### Records
============================================================

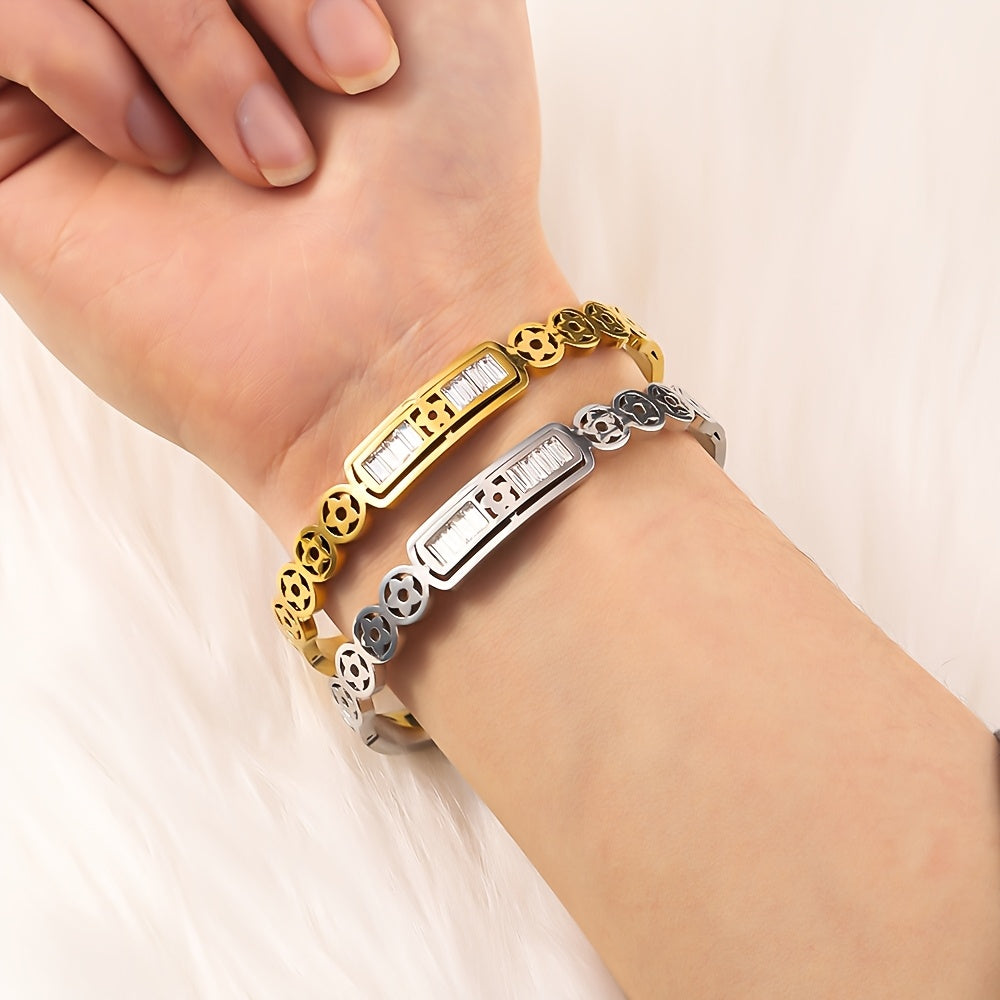 Stylish Stainless Steel Bracelet for Women, featuring a Cute Hollow-Out Design adorned with Rhinestone Accents. Versatile Snap Clasp Bangle perfect for everyday wear or as a gift. Made from durable Ti Alloy with a charming Five-pointed Star Vintage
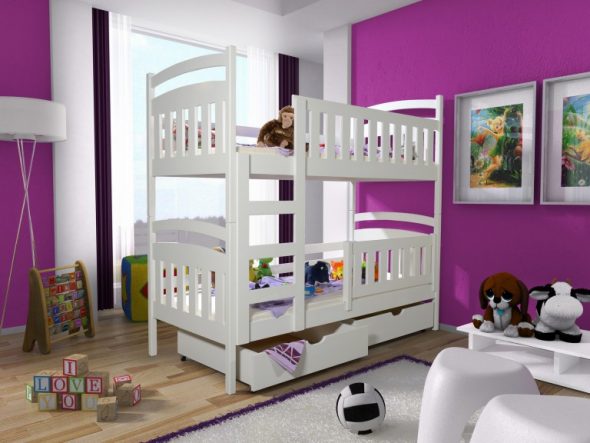 een kinderbedje van twee verdiepingen voor twee kinderen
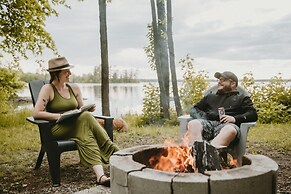 Lakepoint Cottage Resort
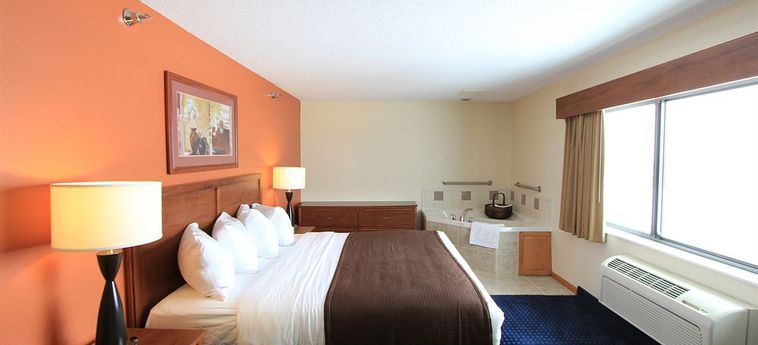 Hotel Americinn Lodge & Suites Cedar Rapids - Airport:  CEDAR RAPIDS (IA)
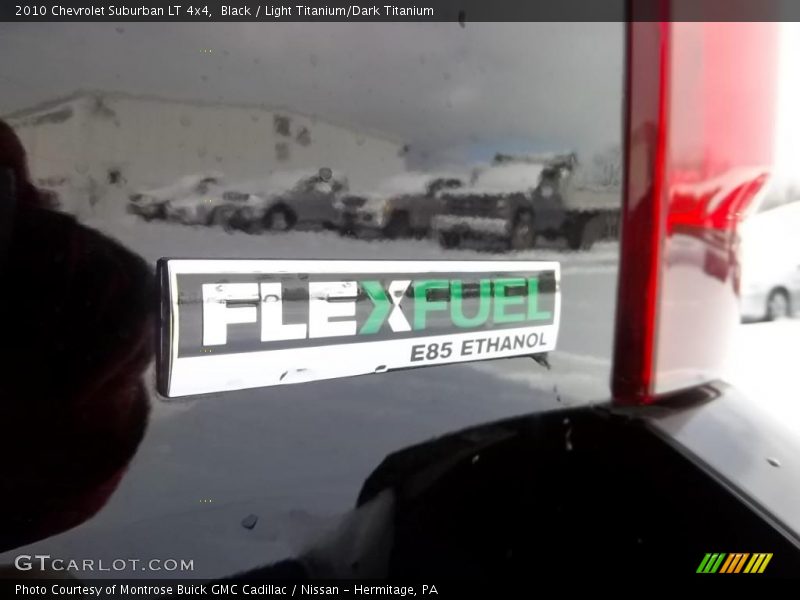 Black / Light Titanium/Dark Titanium 2010 Chevrolet Suburban LT 4x4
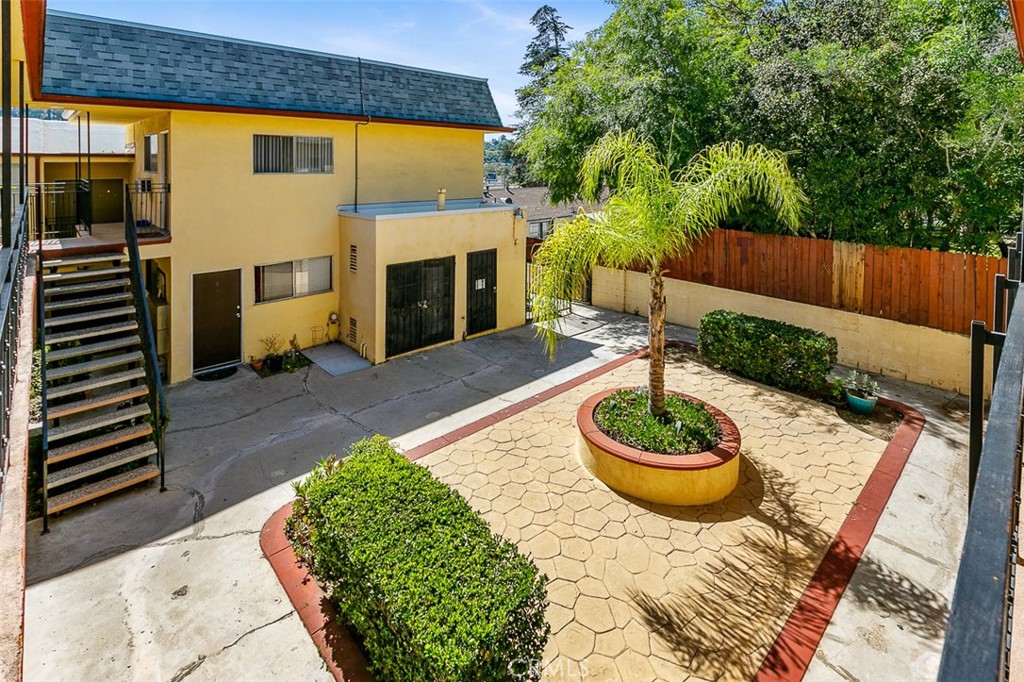 Properties 4 4121 Marmion Way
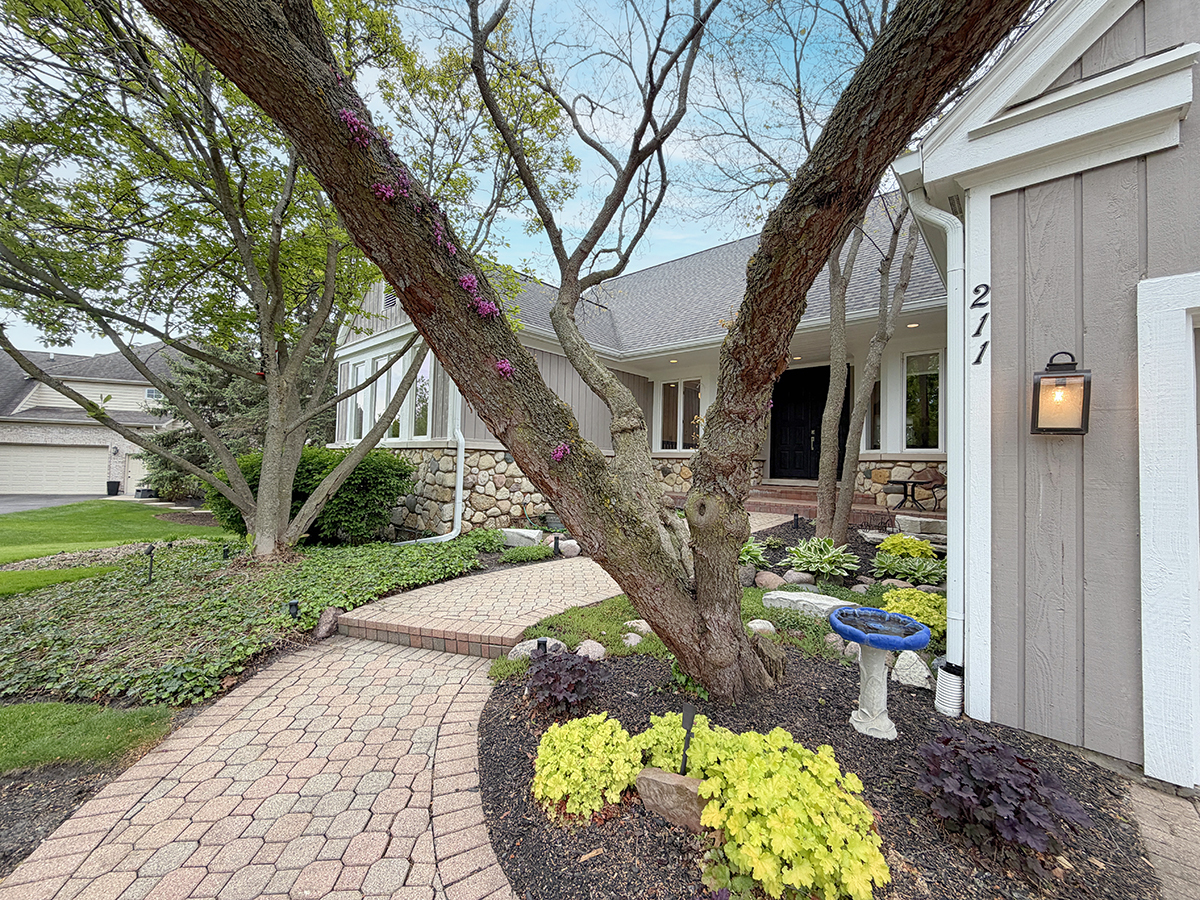211 Ridge Lane Lake In The Hills IL 60156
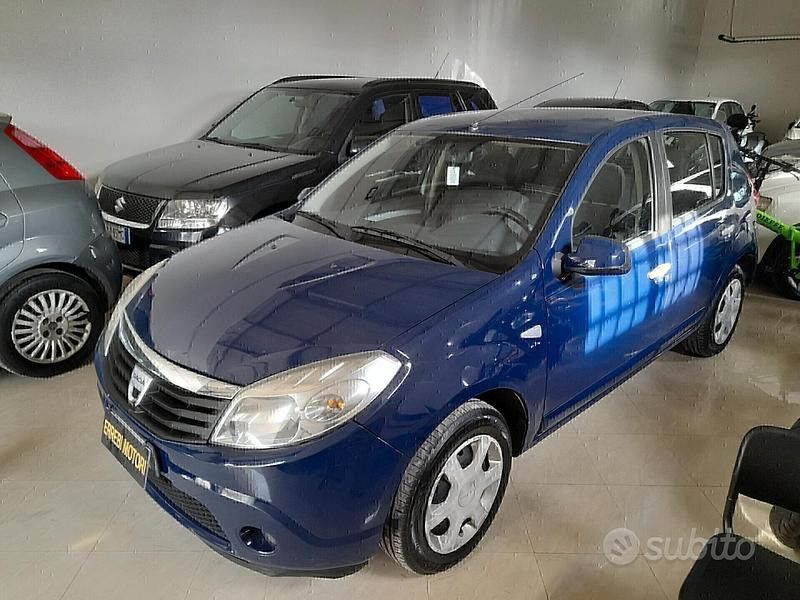 Usata Dacia Sandero 72 CV (52 kW) 2010 Blu Utilitaria
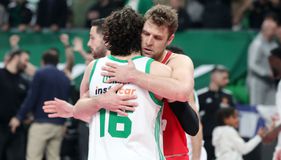 Νικητής ο Βεζένκοφ στη «μάχη» με τον Όσμαν: ΜVP των playoffs της Euroleague ο άσος του Ολυμπιακού!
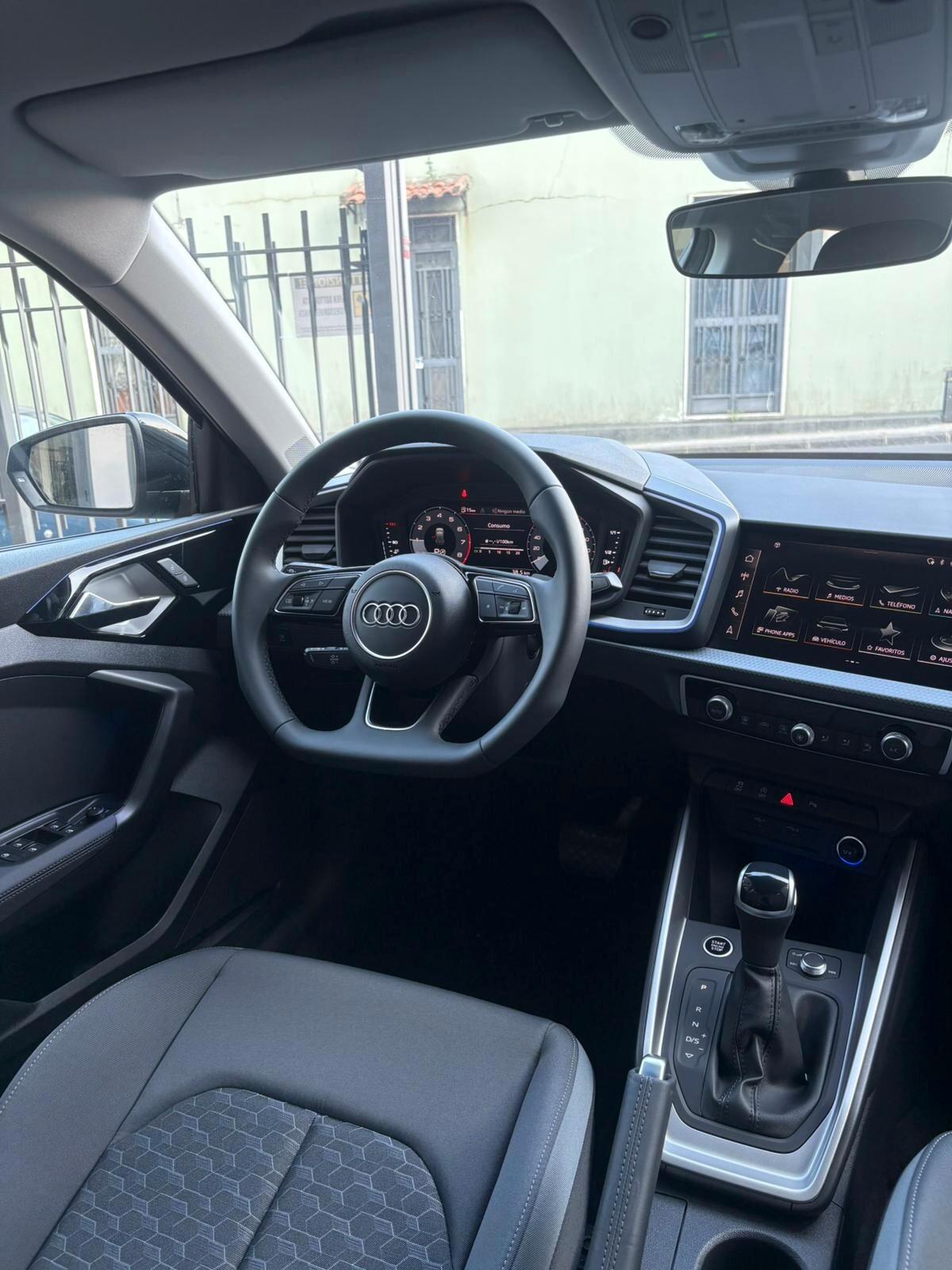 Audi A1 allstreet 35 TFSI S tronic Identity Contrast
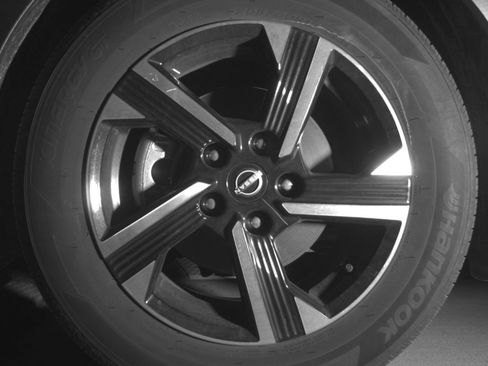 Used 2025 Nissan Sentra SV FWD image 15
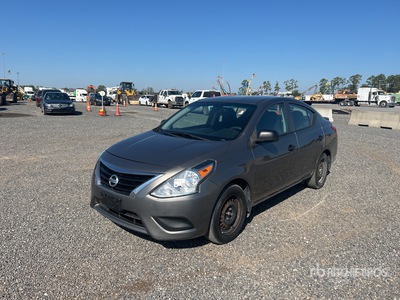 2015 Nissan Versa Automovil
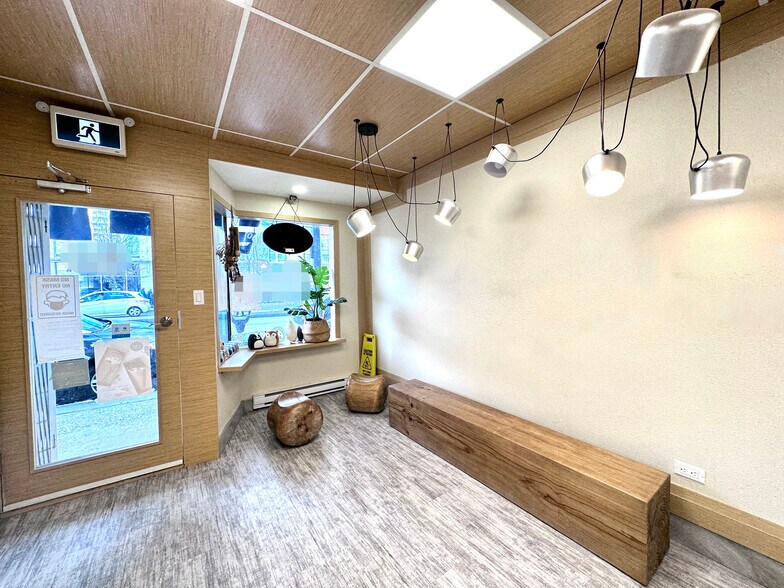 4611 Kingsway, Burnaby, BC à louer - Photo de l’immeuble – Image 3 sur 12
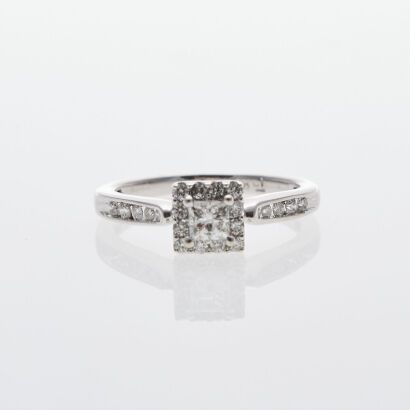 18ct White Gold Diamond Cluster Ring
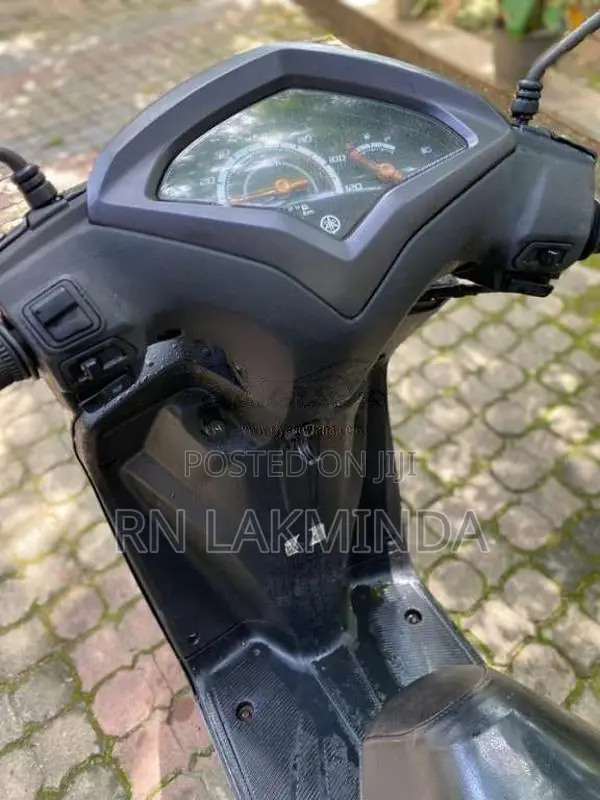 Yamaha Alpha 2015 Motorbike (Used)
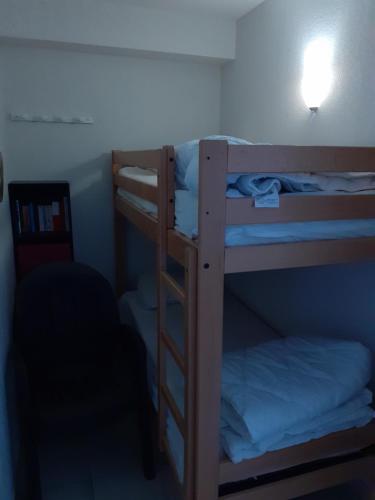 Krevet ili kreveti na kat u jedinici u objektu Appartement à Azille Aude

============================================================

### Work required
Would you restate word for word each line from the one that holds "een kinderbedje van" to the end of the material, both ends included, without the pictures?

### Answer for this exercise
 een kinderbedje van twee verdiepingen voor twee kinderen
 Lakepoint Cottage Resort
 Hotel Americinn Lodge & Suites Cedar Rapids - Airport:  CEDAR RAPIDS (IA)
 Black / Light Titanium/Dark Titanium 2010 Chevrolet Suburban LT 4x4
 Properties 4 4121 Marmion Way
211 Ridge Lane Lake In The Hills IL 60156
 Usata Dacia Sandero 72 CV (52 kW) 2010 Blu Utilitaria
 Νικητής ο Βεζένκοφ στη «μάχη» με τον Όσμαν: ΜVP των playoffs της Euroleague ο άσος του Ολυμπιακού!
 Audi A1 allstreet 35 TFSI S tronic Identity Contrast
 Used 2025 Nissan Sentra SV FWD image 15
 2015 Nissan Versa Automovil
 4611 Kingsway, Burnaby, BC à louer - Photo de l’immeuble – Image 3 sur 12
 18ct White Gold Diamond Cluster Ring
 Yamaha Alpha 2015 Motorbike (Used)
 Krevet ili kreveti na kat u jedinici u objektu Appartement à Azille Aude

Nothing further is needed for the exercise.